**Requirement**
Transcribe only the stretch of lines that opens with the line containing "Prehistoric Volcano Low" and closes with the last line of the listing, skipping pictures.

━━━ Provided data

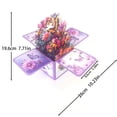 thumbnail image 3 of Cqxid Greeting Card Under $5 Fresh Cut Paper Up Card 3D Colorful Butterfly Paper Bouquet Greeting Card Forever Bouquet 3D Up Greeting Card Birthday Up Card Gift Graduation Gift, 3 of 4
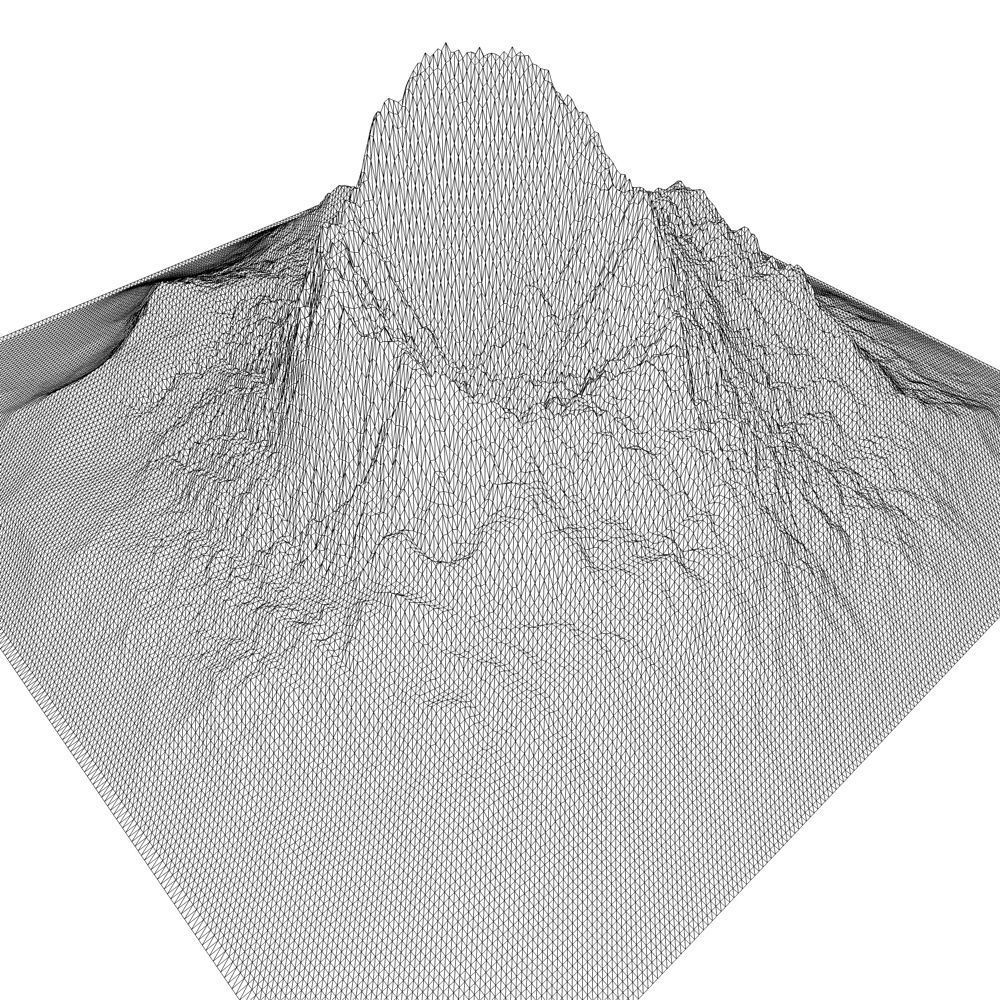 Prehistoric Volcano Low Poly Low-poly 3D model_6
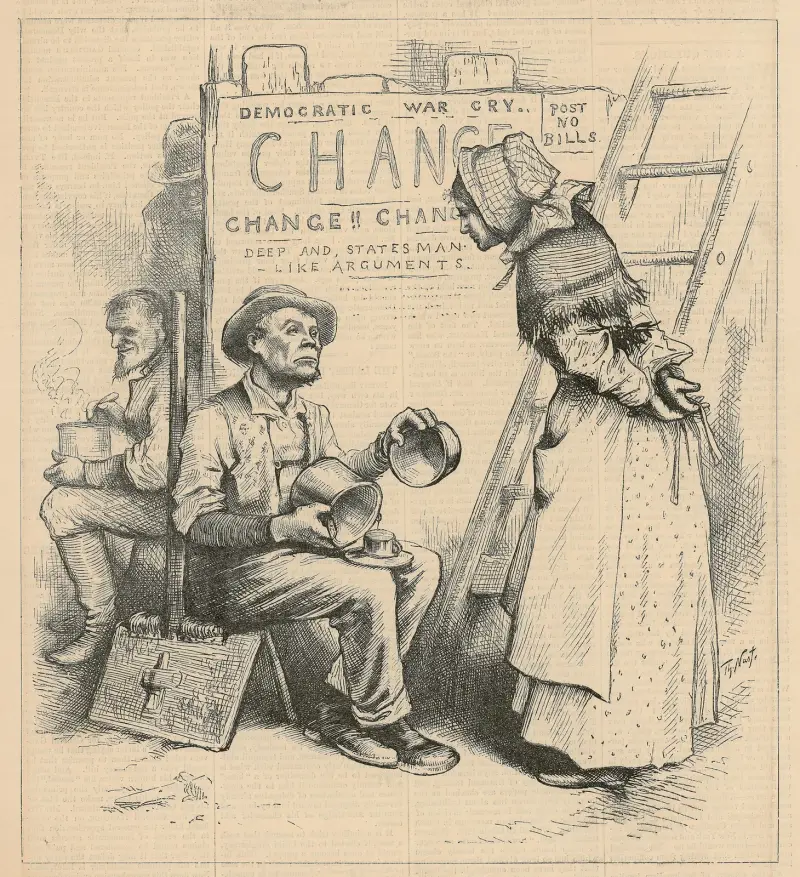 Women will never be statesmen av Thomas Nast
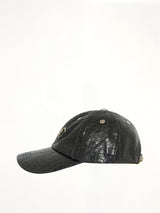 TC Vintage Crocodile Cap in Black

━━━━━━

**Exercise solution**
 Prehistoric Volcano Low Poly Low-poly 3D model_6
 Women will never be statesmen av Thomas Nast
 TC Vintage Crocodile Cap in Black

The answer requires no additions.